WORK TO BE COMPLETED - Would you repeat every line of the material exactly?

INPUT DATA -
━━━━

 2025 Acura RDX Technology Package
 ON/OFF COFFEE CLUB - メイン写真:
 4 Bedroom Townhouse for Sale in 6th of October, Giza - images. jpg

━━━━

SOLUTION -
 2025 Acura RDX Technology Package
 ON/OFF COFFEE CLUB - メイン写真:
 4 Bedroom Townhouse for Sale in 6th of October, Giza - images. jpg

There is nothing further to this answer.